Внутри нового театра Circle In The Square Джозефа Левина висит знак «Только стоячие места». Для Бродвея это необычно, особенно сейчас, в конце сезона, и особенно потому, что пьеса, на которую проданы все билеты, — чеховский «Дядя Ваня».

Скорее всего, впрочем, люди в основном приходят увидеть звездный состав — Никол Уильямсон, Джордж Скотт, Джули Кристи, Элизабет Уилсон, Лиллиан Гиш, Кэтлин Несбитт, Барнард Хьюз и Конрад Бэйн, — чем саму пьесу.

Постановка «Дяди Вани» Майком Николсом — редкость не только благодаря кассовому успеху (этот успех не отражается на прибыли: в театре всего 650 мест и участники работают себе в убыток), но и благодаря самому факту своего существования.

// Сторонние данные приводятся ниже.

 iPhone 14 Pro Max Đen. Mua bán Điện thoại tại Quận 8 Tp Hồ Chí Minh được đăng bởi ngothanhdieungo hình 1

Звезды часто на словах собираются вернуться на театральные подмостки ради нескольких показов классической пьесы, но редко так поступают на деле. Мистер Николс заслуживает похвалы за то, что собрал это созвездие из в основном незнакомых друг другу актеров (некоторые из них к тому же известны своим непостоянством) и за очень короткое время сделал из них по виду практически постоянный ансамбль. Единственное, что их объединяет, — это общая верность Николсу.

Пришлось совместить характеры. За пять недель репетиций режиссер должен был не только выявить суть «Вани», но и заставить работать вместе артистов очень разных темпераментов. Как режиссер, Николс — и коллега актеров, и советник, и надсмотрщик, и внутренний критик, и театровед. К тому же он был соавтором английского перевода пьесы вместе с Альбертом Тоддом.

За день до первого (из трех) предпоказа для критиков режиссер попробовал провести необычный эксперимент, чтобы актеры расслабились. Обычно на этом этапе проводятся текстовые прогоны, где актеры, без реквизита и декораций, не расходуя силы, просто проговаривают пьесу. Николс предложил актерам проводить текстовый прогон лежа. Из гримерок в репетиционный зал перенесли одиннадцать кроватей. Каждый актер, даже в маленьких ролях, лежал на кровати в наиболее удобной для себя позе.

Актриса под одеялом

Лиллиан Гиш и Кэтлин Несбитт прикрыли лица прохладными платочками, а Элизабет Уилсон завернулась в одеяло.

«Остальные легли поверх одеял, некоторые со страдающим видом», — говорит Уильямсон.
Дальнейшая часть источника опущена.